Urzędnik wystąpił z roszczeniem o przywrócenie do pracy na dotychczasowe stanowisko. Domagał się tej samej płacy i pracy. Powołał się na ustawę antykorupcyjną, która za niezłożenie oświadczenia przewiduje jedynie odpowiedzialność służbową, czyli dyscyplinarną. Uważał też, że jako główny specjalista nie musiał ujawniać swojego majątku. Sprawa trafiła do Sądu Najwyższego, a ten oddalił skargę kasacyjną radcy.

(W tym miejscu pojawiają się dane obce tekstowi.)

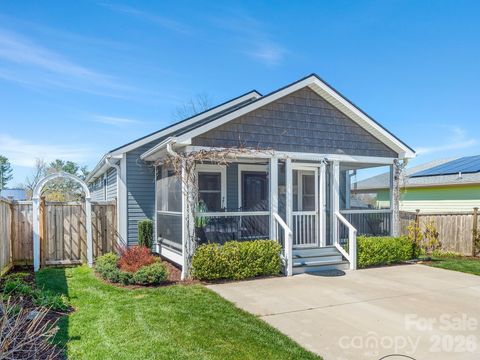 482 Booker Street Asheville NC 28803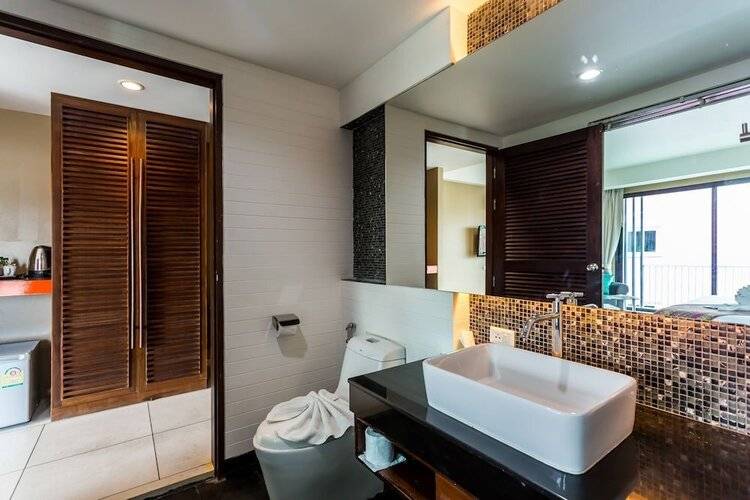 Moxi Boutique Hotel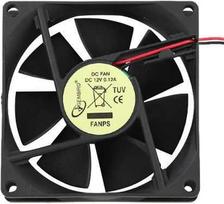 Gembird 80 mm Case Fan FANPS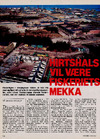 Hirtshals vil være fiskeriets mekka 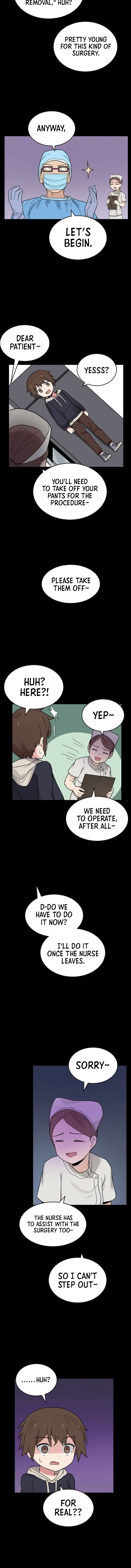 The Gamer: Fantasia Chapter 19 – Page 12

Obowiązek składania oświadczeń majątkowych wynikał z zajmowania i sprawowania równorzędnego płacowo stanowiska głównego specjalisty. Wymaga ono całkowitej i zupełnej bezstronności, przejrzystości, uczciwości oraz transparentności. Wysocy członkowie służby cywilnej wykonują bowiem często zadania lub mogą podejmować decyzje odnoszące się do sfery działalności biznesowej. Już jednorazowe niezłożenie wymaganego oświadczenia powoduje odpowiedzialność służbową, w tym dyscyplinarną, za naruszenie obowiązków członka korpusu służby cywilnej. Uporczywe nieskładanie oświadczenia stanowi zaś ciężkie naruszenie obowiązków pracowniczych. Można więc z takim pracownikiem rozwiązać umowę o pracę bez wypowiedzenia. Wynika to z art. 71 ust. 7 pkt 1 ustawy o służbie cywilnej. W jego myśl możliwość i legalność rozwiązania stosunku pracy bez wypowiedzenia występuje w przypadku kwalifikowanego naruszenia podstawowych obowiązków członka korpusu służby cywilnej, jeżeli wina urzędnika jest oczywista. A tak było w rozpatrywanej przez Sąd Najwyższy sprawie.